- _Dataset excerpts_:
● ● ●

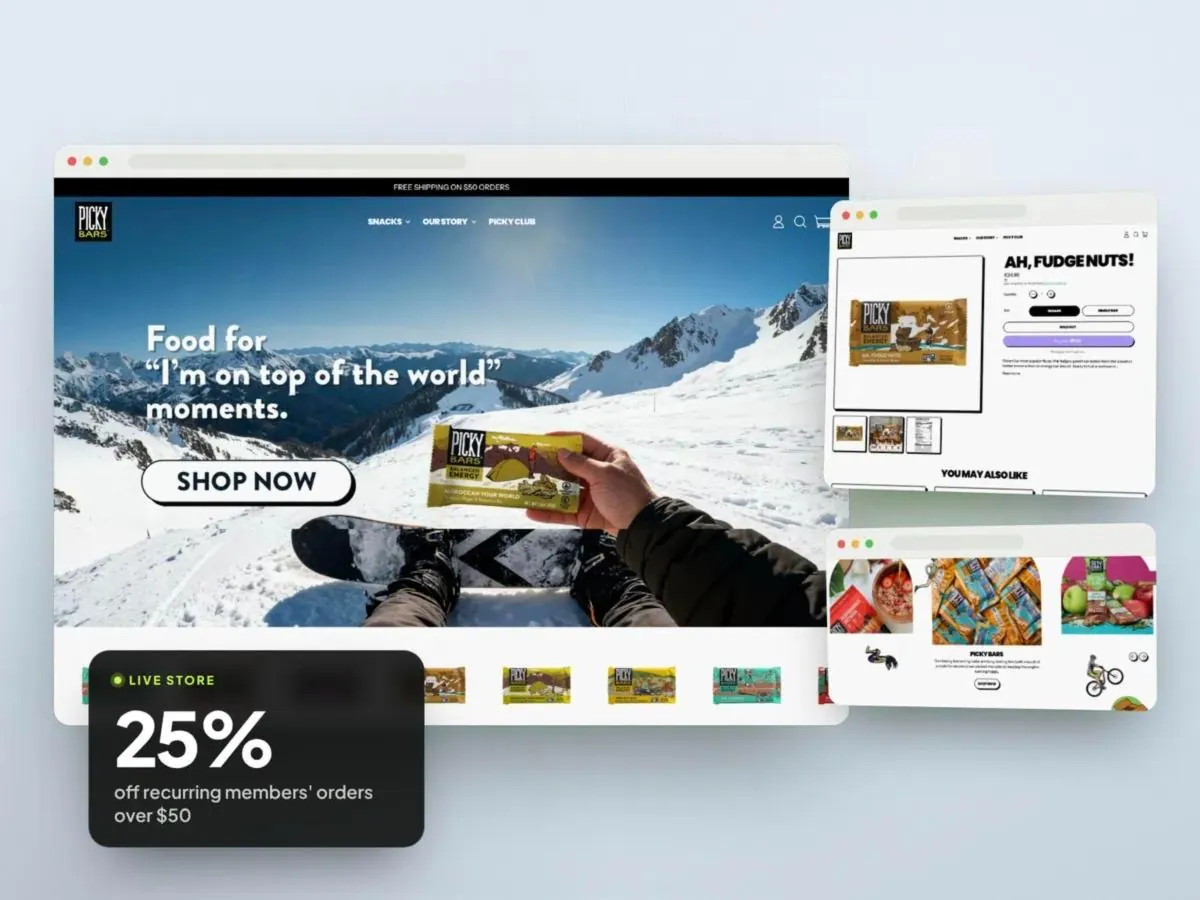Energy bar subscription store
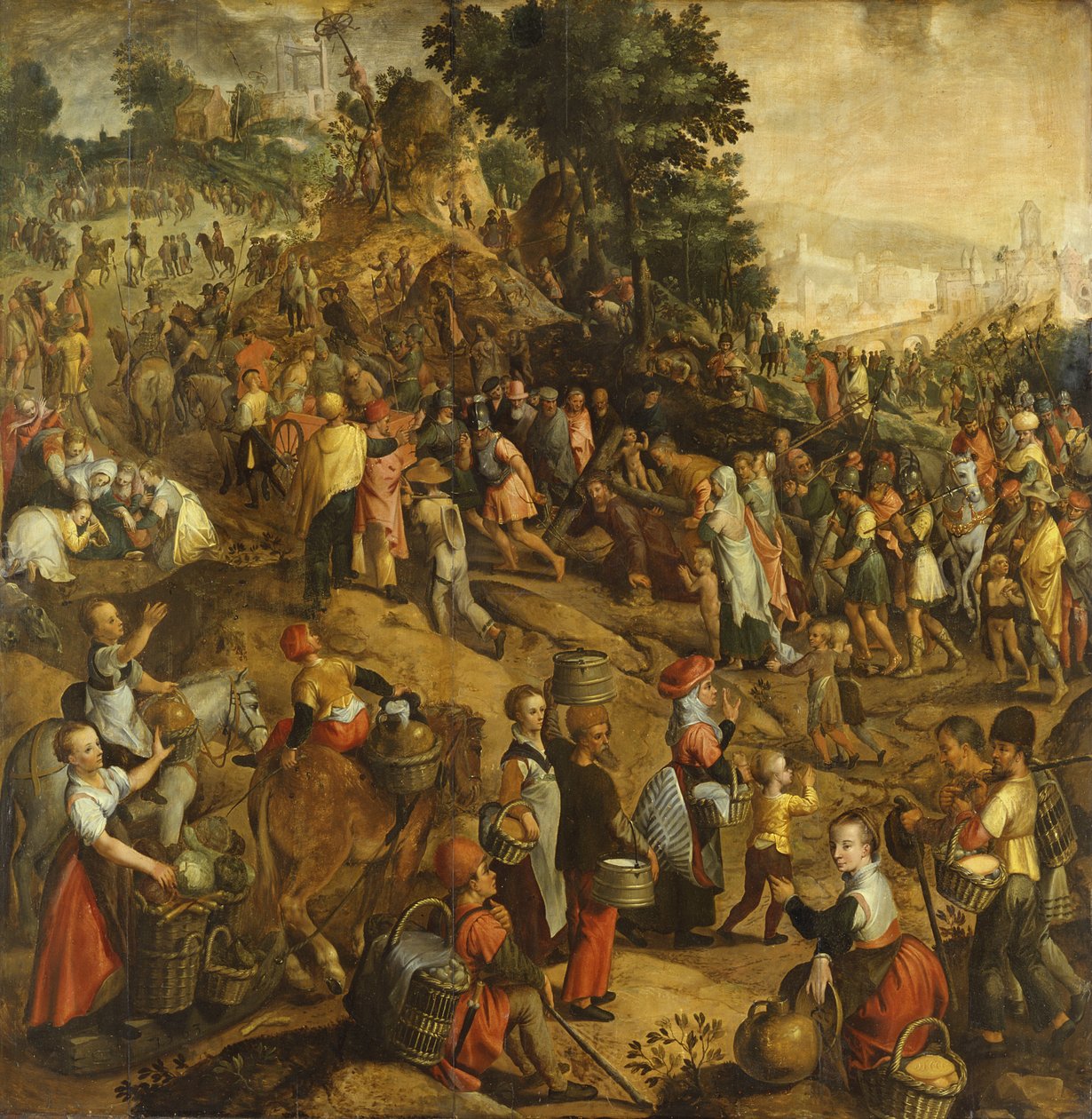 Cristo che porta la croce, 1563 da Joachim Bueckelaer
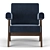 Elegant Capitol Complex Armchair 3D model small image 3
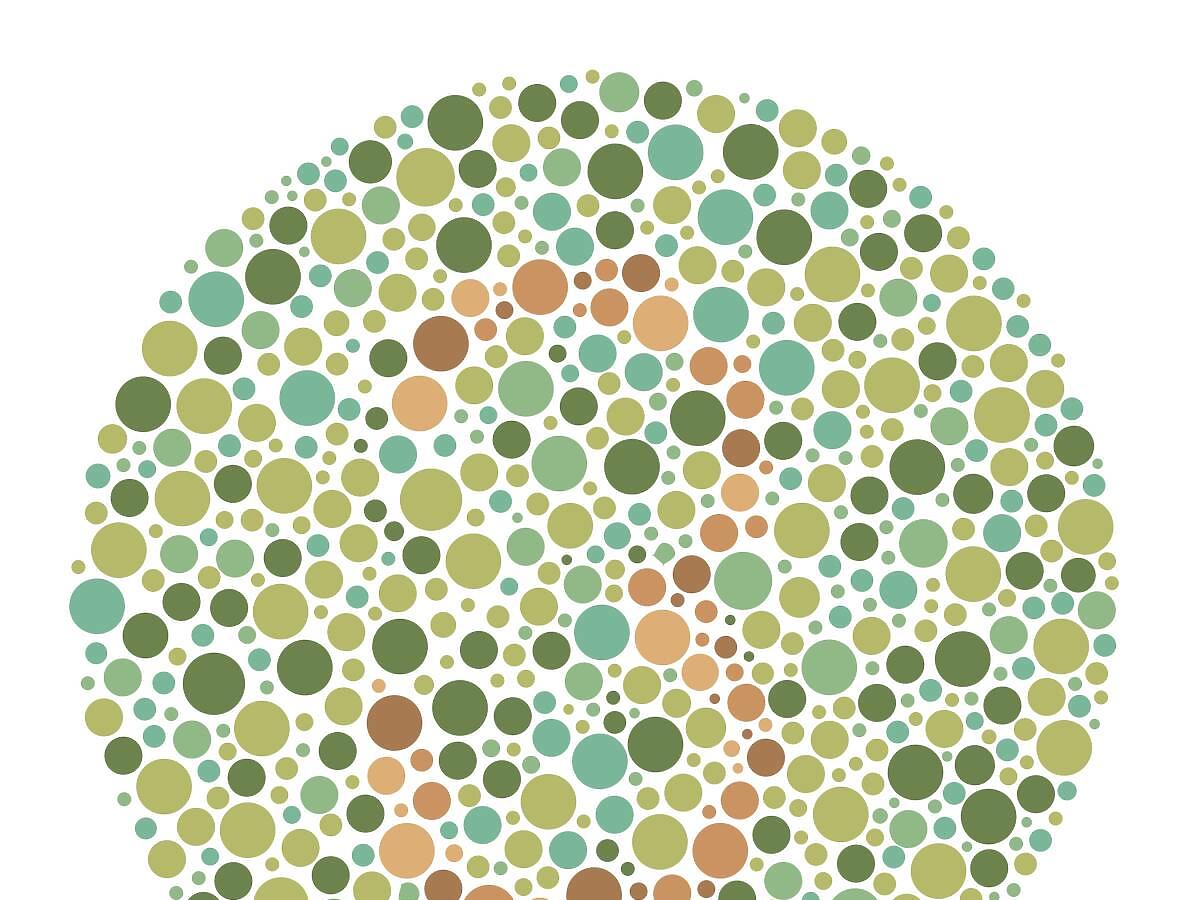 Test na daltonizm - tablica z cyfra 3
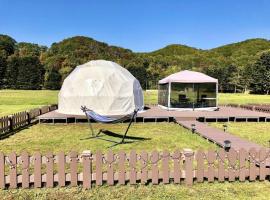 Glamping Garden Hidaka Shikanosato - Vacation STAY 69018v，位于Shinhidaka的露营地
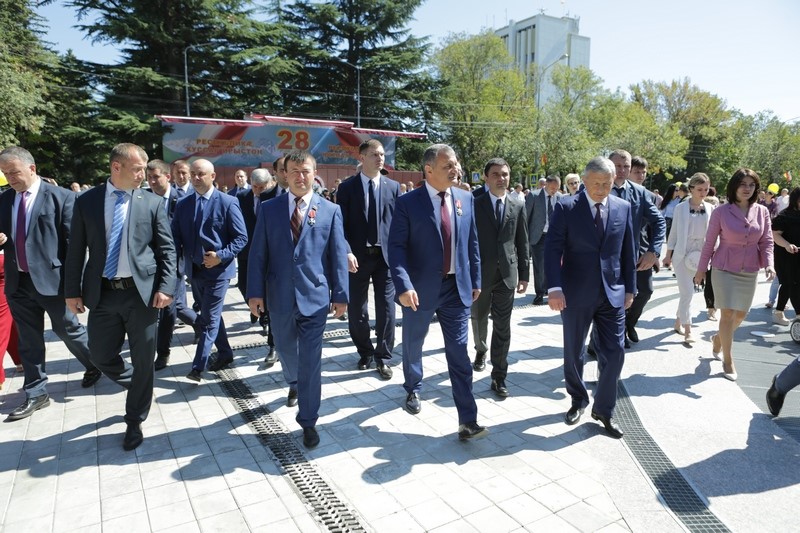 26. Военный парад в честь празднования 28-й годовщины Республики Южная Осетия
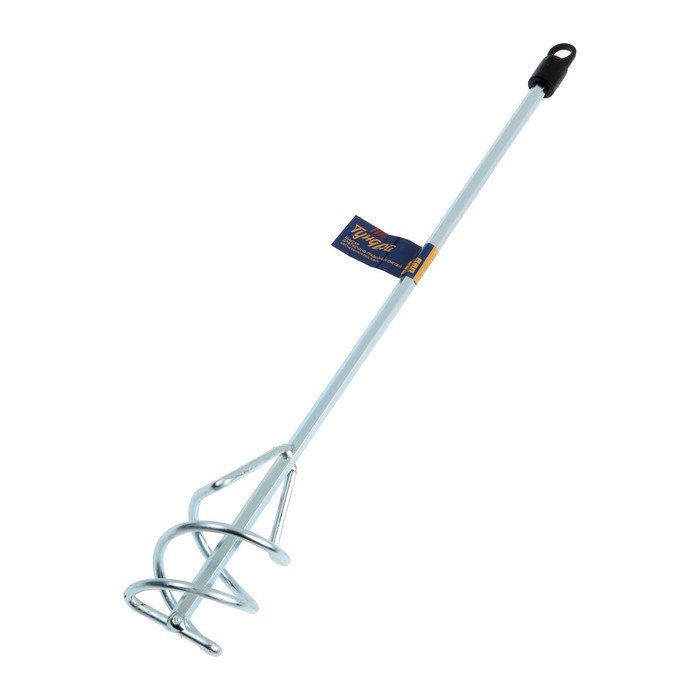 Миксер TUNDRA basic, для песчано-гравийных смесей, шестигранный хвостовик, 8 х 60 х 400 мм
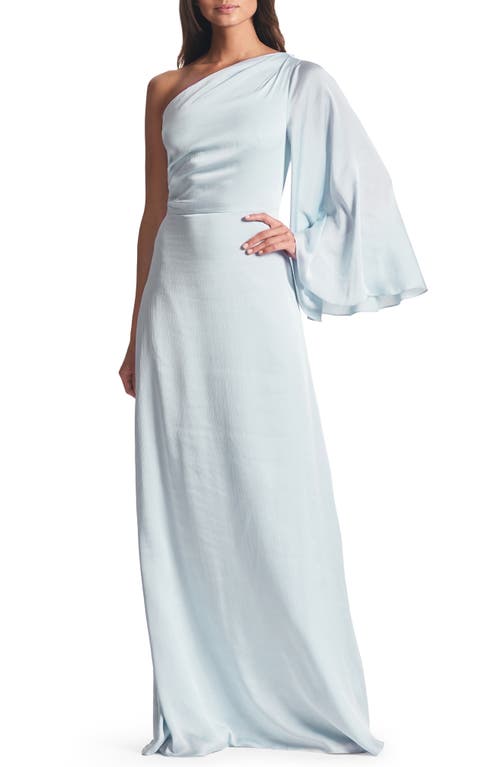 Sachin & Babi Keely One-Shoulder Gown Ice Blue at Nordstrom,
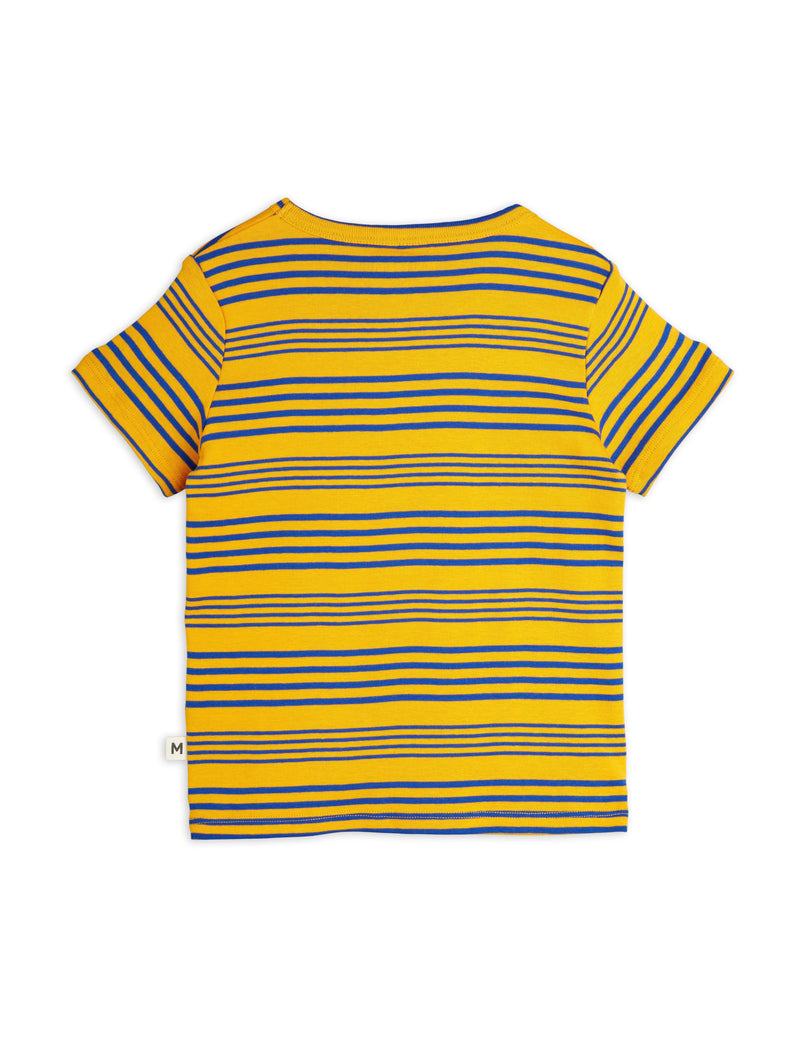 Mini Rodini Stripe yd ss Tee Orange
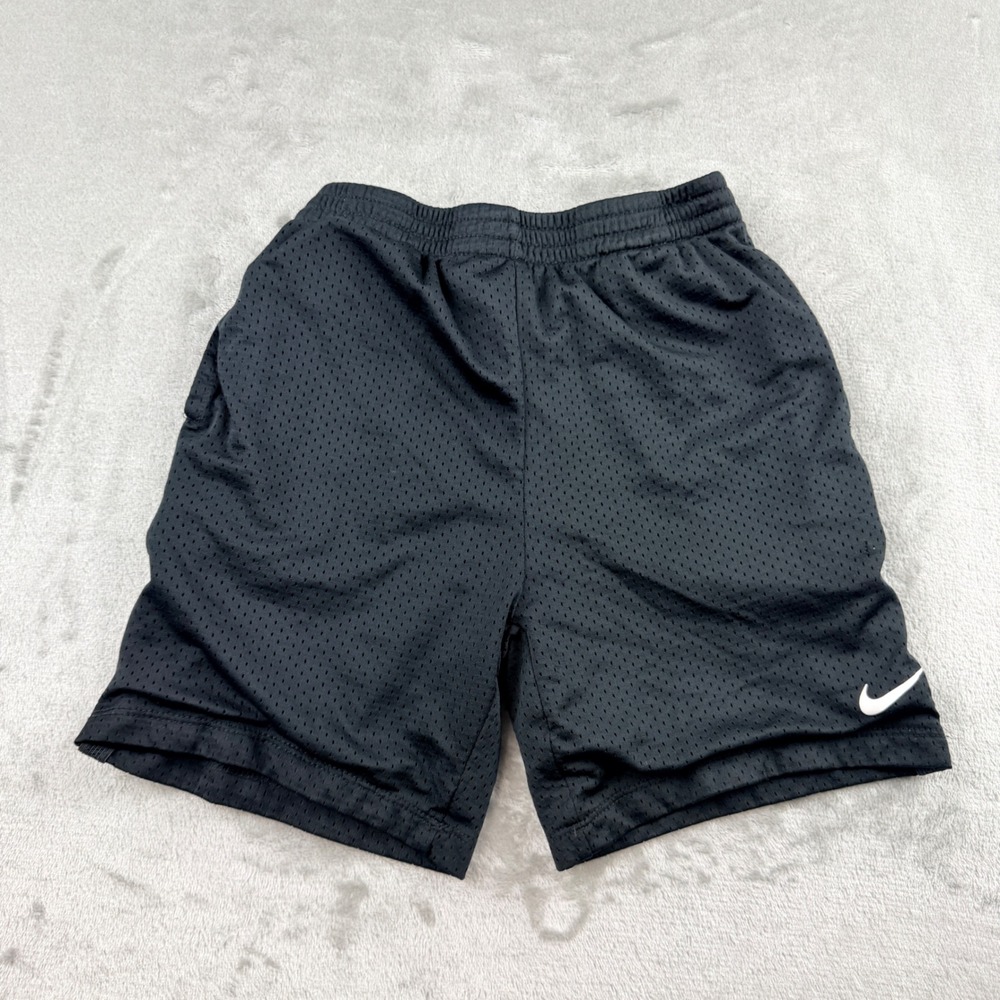 Nike Kids Dri-FIT Mesh Athletic Shorts Black Size 5-6Yrs
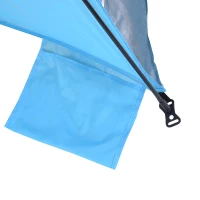 Outsunny Tente de plage abri de plage XXL pliable dim. 2,50L x 1,40l x 1,40H m 3 fenêtres sacs transports inclus polyester bleu ciel(m-7)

● ● ●

- _Task details_: Would you restate, word for word, the lines from the one holding "26. Военный парад" through the end of the material above? Omit the pictures.

- _Completed exercise_:
 26. Военный парад в честь празднования 28-й годовщины Республики Южная Осетия
 Миксер TUNDRA basic, для песчано-гравийных смесей, шестигранный хвостовик, 8 х 60 х 400 мм
 Sachin & Babi Keely One-Shoulder Gown Ice Blue at Nordstrom,
 Mini Rodini Stripe yd ss Tee Orange
 Nike Kids Dri-FIT Mesh Athletic Shorts Black Size 5-6Yrs
 Outsunny Tente de plage abri de plage XXL pliable dim. 2,50L x 1,40l x 1,40H m 3 fenêtres sacs transports inclus polyester bleu ciel(m-7)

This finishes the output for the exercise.